Developer commits code
Build candidate is produced
We tell a fleet of test prod-like servers to deploy this build candidate
We tell a CI system to hit this fleet with multiple suites of performance tests and spit the numbers out to a graph
We set up alerts so that if the graph ever goes above a certain threshold, our team is notified.

We deploy roughly twice a day, so unless a developer puts in a bad change right before a deploy, we can (and have) detect well before code ever goes out.

The Performance Regression Framework Stack: BuildKite, GhostJS, AWS, Teletraan, StatsD

I really need to come up with a better name than "The Performance Regression Framework." Anyway, it uses AWS EC2 instances to serve the production build candidate of the site, and uses BuildKite to spawn GhostJS remote-controlled Linux-based Firefox browser processes to hit the site with. This combination of high-end device and high-end network connection on the test-runner side doesn’t make for a good approximation for our p90 users, but I found that as long as we run enough tests such that the variance isn’t too bad, the tests do remain meaningful.

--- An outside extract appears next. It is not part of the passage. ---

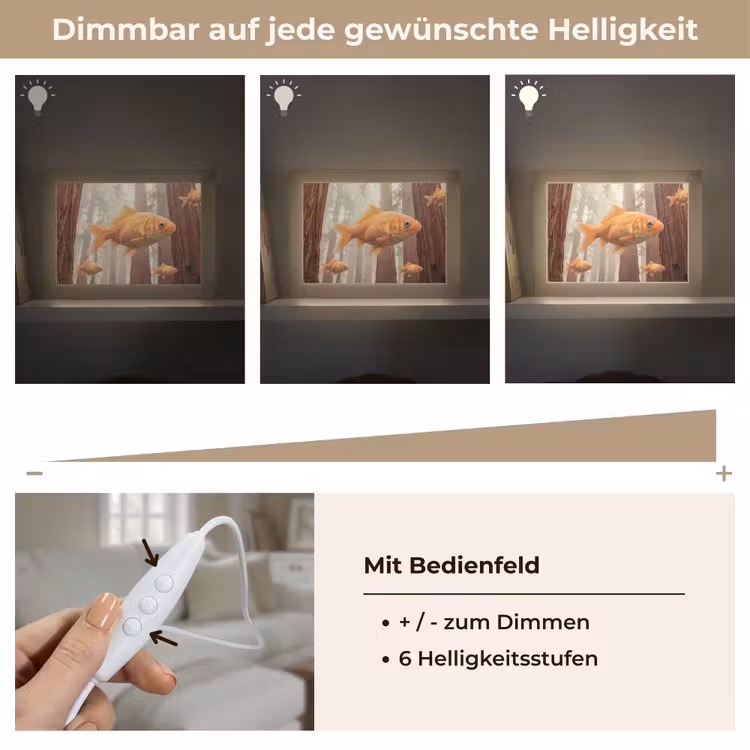 Lightbox - Wandleuchte - Fisch – Wald – Fantasie - Vis - Bos - Fantasie Light Box met kabel (Wandlamp) klein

A future feature will be to throttle the network, which we should be able to do with an interface to Chrome and its Devtools. This will help us detect regressions that cause the app to be network-bound. I’m also exploring using non-headless Puppeteer, which should give us easier access to the Chrome API.

Anyway, nothing about the framework is really coupled with the tools I chose. They’re really just separate components that work together to achieve the goal quickly with what we had and the limitations of our current app platform:

BuildKite is the CI which gets triggered with every build that completes via the BuildKite API. It then builds a docker container of the test framework repo, really a tiny collection of test files and dependencies like GhostJS, and then just runs the tests lots and lots of times in parallel. I like the configurability of BuildKite and the UI, though I had to submit a few tickets because BuildKite had never had a client that was running potentially hundreds of tasks in parallel >:D
GhostJS is the test runner that we chose because it was already set up to do some other integration testing with our specific site. I also found the codebase pretty easy to work with and extensible when I needed some new features, but really all it is responsible for is hitting the site and reporting back on some global variable values. I may end up using Puppeteer and some other script to do this if I start needing more features.
Teletraan is an open-source instance management UI that Pinterest released a bit ago. It has a nice API that BuildKite can hit to trigger deploys and report failures and such. Pretty good interface to our instances and make sure that we’re locking serving environments when we run tests against them.
I’m using OpenTSDB to stat out the actual timings. I run maybe 100-200 test runs per suite of tests and take the p90 of that sample, then stat it to a graph. I then set up alerts based on thresholds and that’s how we have a visual of how performance is going on a per-build basis and the moment it starts to climb.

Regressions Caught!

I’m happy to say that after a few months of this framework in place, we’ve detected and caught a number of regressions. It’s tough at first to trust the numbers but after awhile it proves itself out. I’m glossing over some of the bugs that we found, as well as the whole instrumentation framework that even spits out these numbers. I’m also glossing over this other tool called the investigation framework (we should really come up with a better name) that my team built that allows us to automatically do a git bisect when a regression does happen and basically build every single commit inside of an offending build (could be between 10-20 commits!) and run the whole test suite against each one until it finds the commit that caused it.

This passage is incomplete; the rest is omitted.